**Data:**

----------------

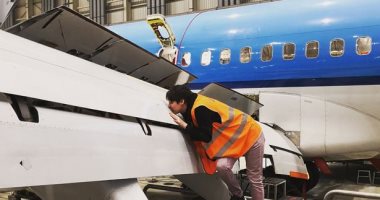 أغرب قصة حب.. علاقة غرامية بين فتاة وطائرة بوينج 737 تقترب من الزواج "صور"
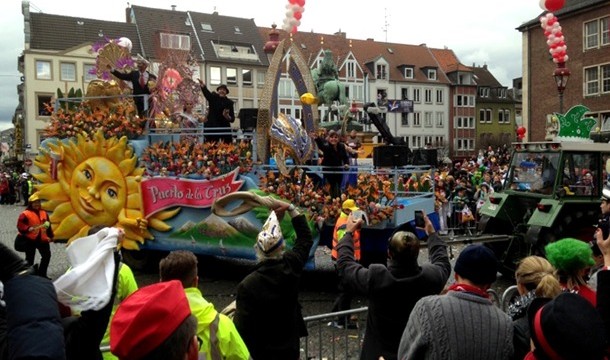 Promoción de la ciudad en el Coso del Carnaval de Düsseldorf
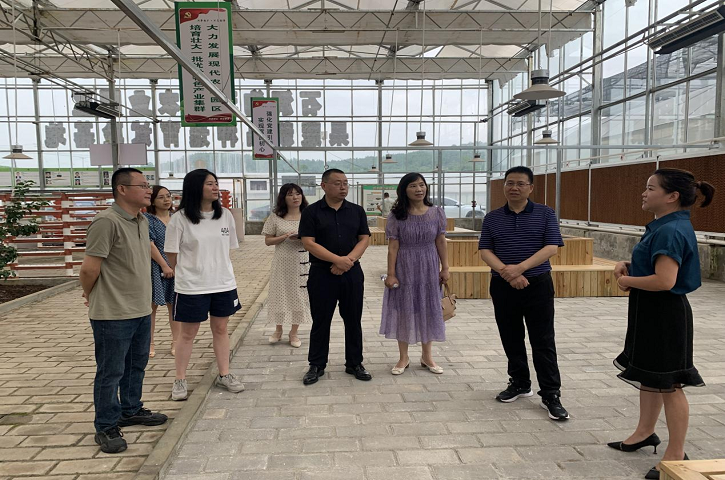 市中心考察组赴<font color='red'>剑阁县</font>考察“12345”亲商助企热线工作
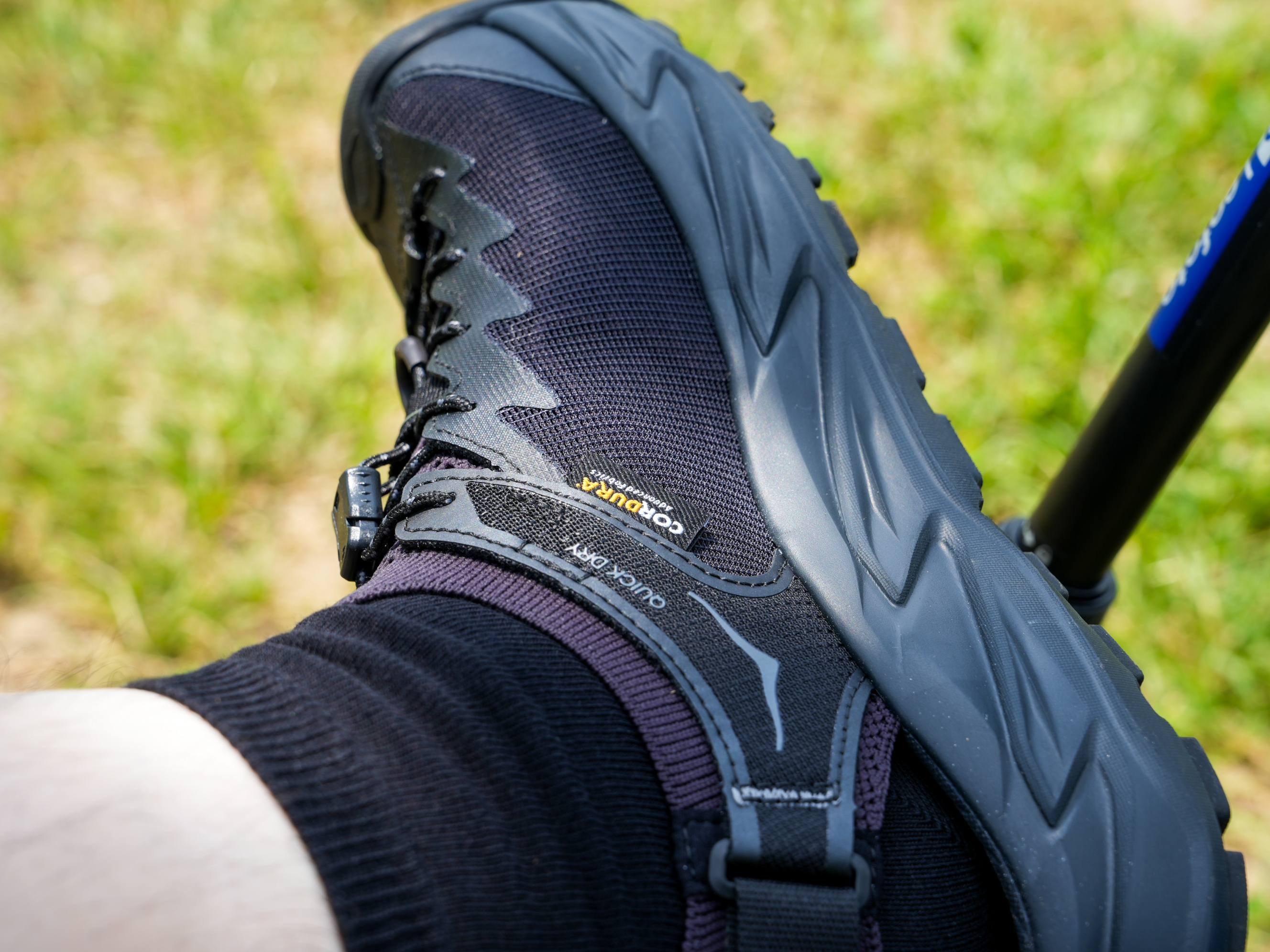 Hoka Hopara 2 Black 착용 스타일 - 3
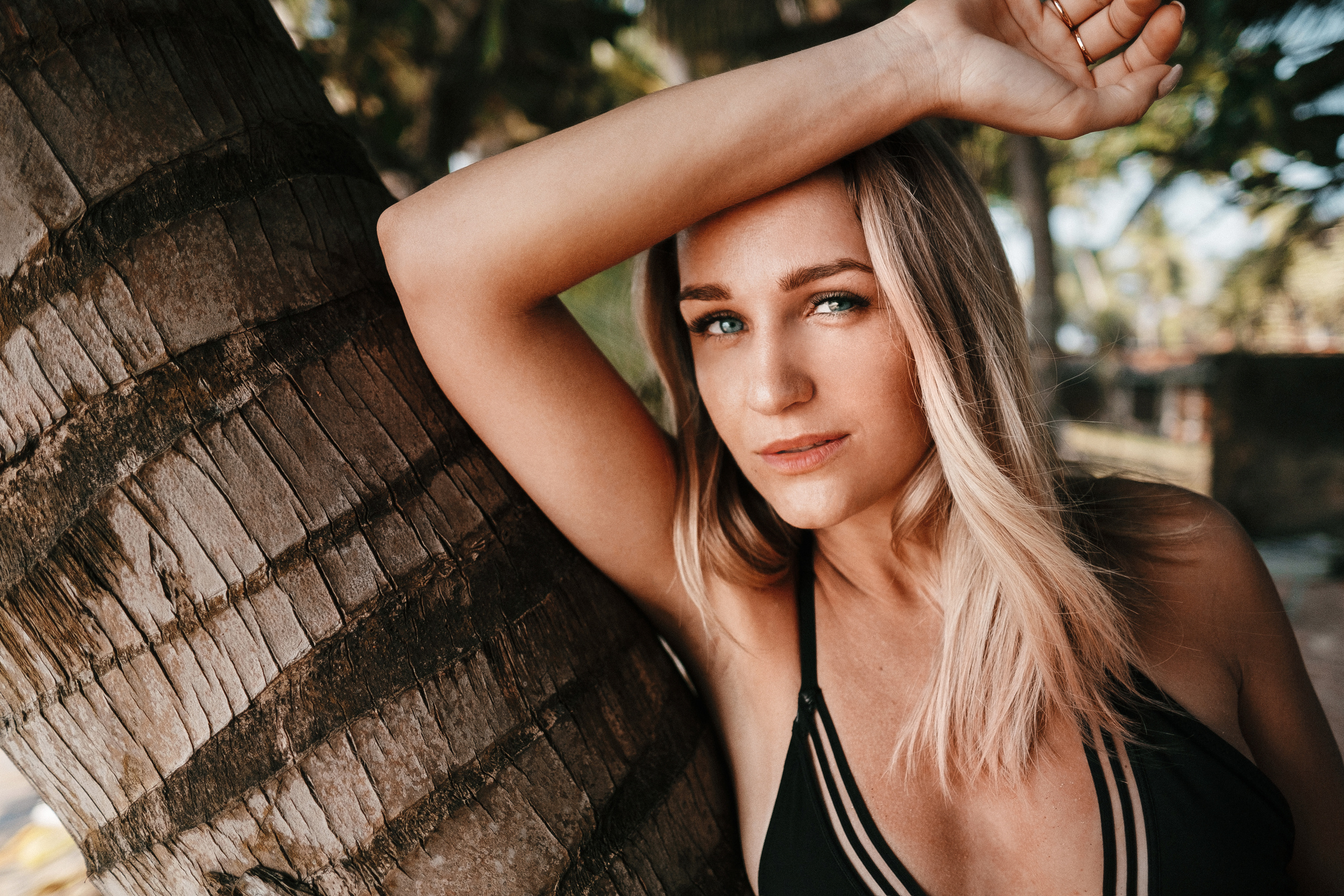 Sasha+Sasha+Liza Unavatuna. Ivan Skufinsky — wedding and family photographer in Vancouver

----------------

**Try it:** Each entry above should be copied exactly. The pictures should not.

**Output for this task:**
 أغرب قصة حب.. علاقة غرامية بين فتاة وطائرة بوينج 737 تقترب من الزواج "صور"
 Promoción de la ciudad en el Coso del Carnaval de Düsseldorf
 市中心考察组赴<font color='red'>剑阁县</font>考察“12345”亲商助企热线工作
 Hoka Hopara 2 Black 착용 스타일 - 3
 Sasha+Sasha+Liza Unavatuna. Ivan Skufinsky — wedding and family photographer in Vancouver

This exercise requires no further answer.